Only the lines from the one containing "보스901 IV 스페셜 풀 SET 가격인하 판매--5" through the end of the listing belong in the answer, repeated exactly, with no pictures.

(Given material Opens)

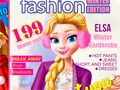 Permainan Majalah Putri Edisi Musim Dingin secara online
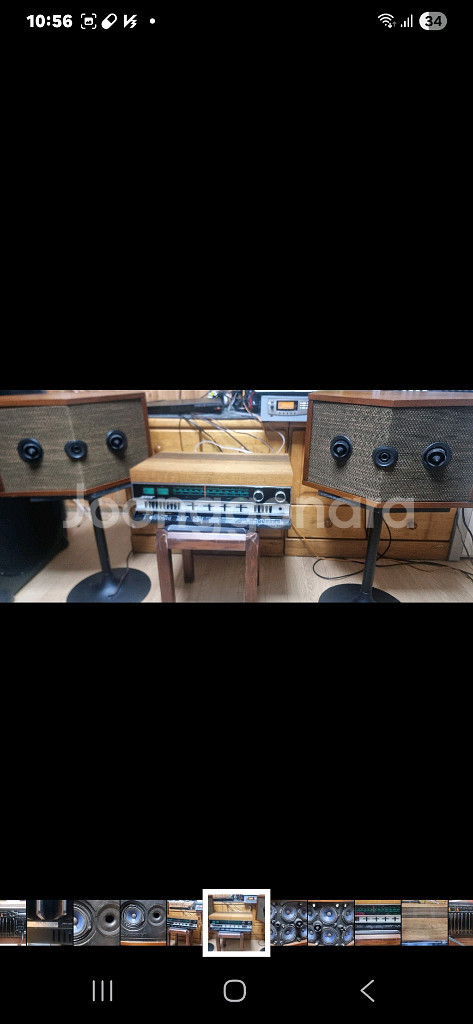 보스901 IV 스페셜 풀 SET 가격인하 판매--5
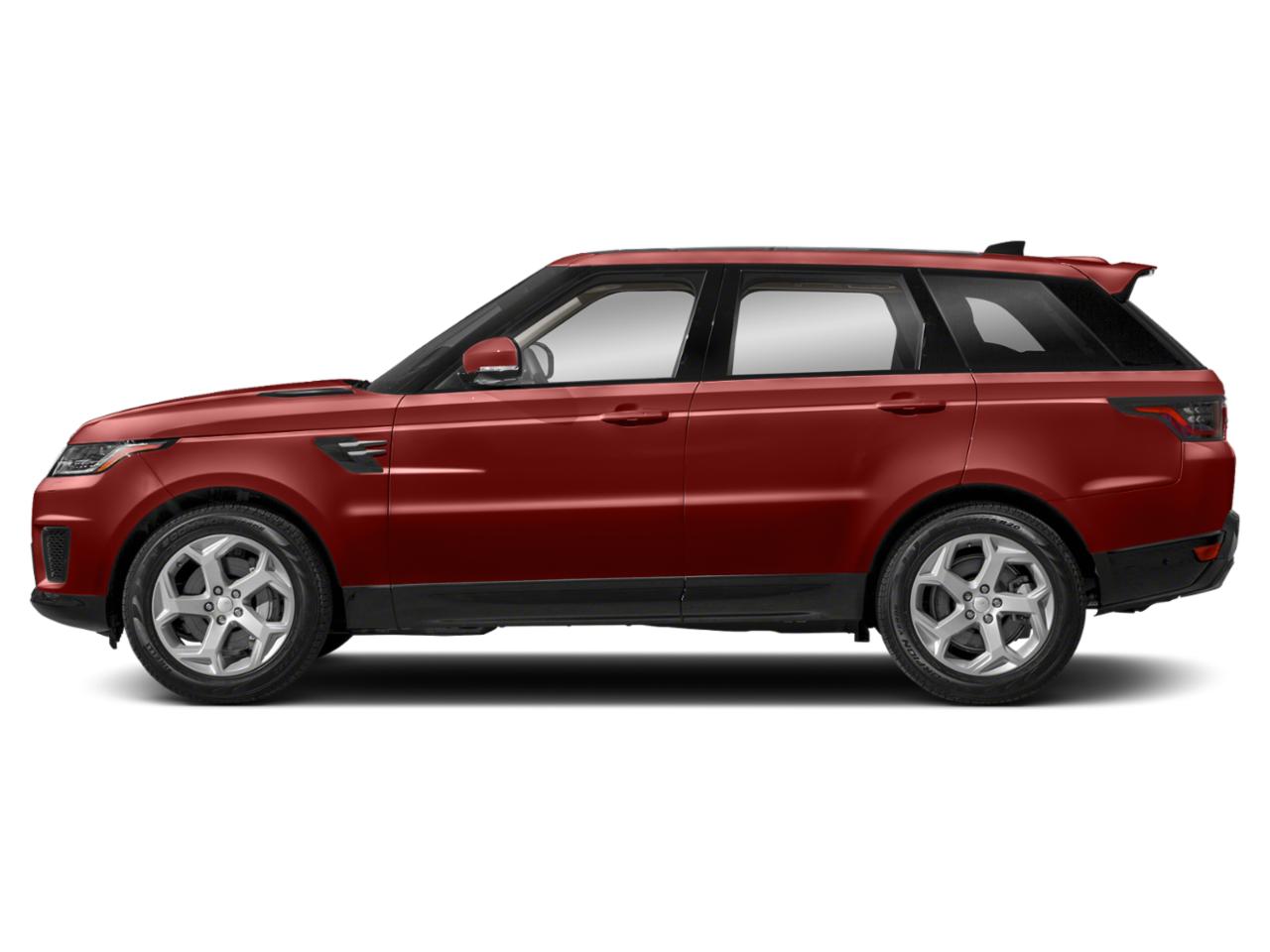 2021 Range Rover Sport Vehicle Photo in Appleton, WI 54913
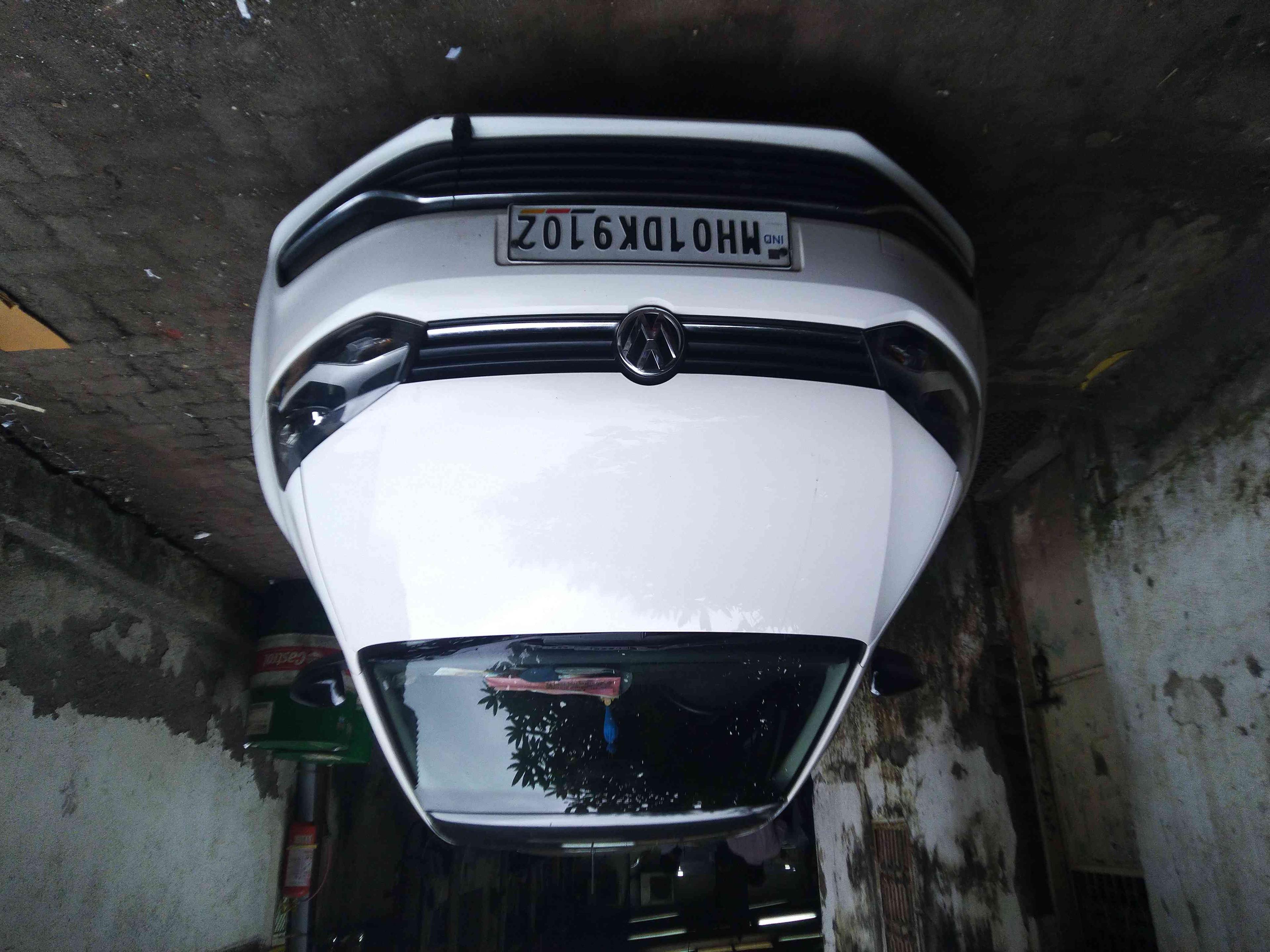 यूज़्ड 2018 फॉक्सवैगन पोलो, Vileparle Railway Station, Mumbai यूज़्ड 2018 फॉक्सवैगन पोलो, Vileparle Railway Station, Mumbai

(Given material Closes)

### Answer section
 보스901 IV 스페셜 풀 SET 가격인하 판매--5
 2021 Range Rover Sport Vehicle Photo in Appleton, WI 54913
 यूज़्ड 2018 फॉक्सवैगन पोलो, Vileparle Railway Station, Mumbai यूज़्ड 2018 फॉक्सवैगन पोलो, Vileparle Railway Station, Mumbai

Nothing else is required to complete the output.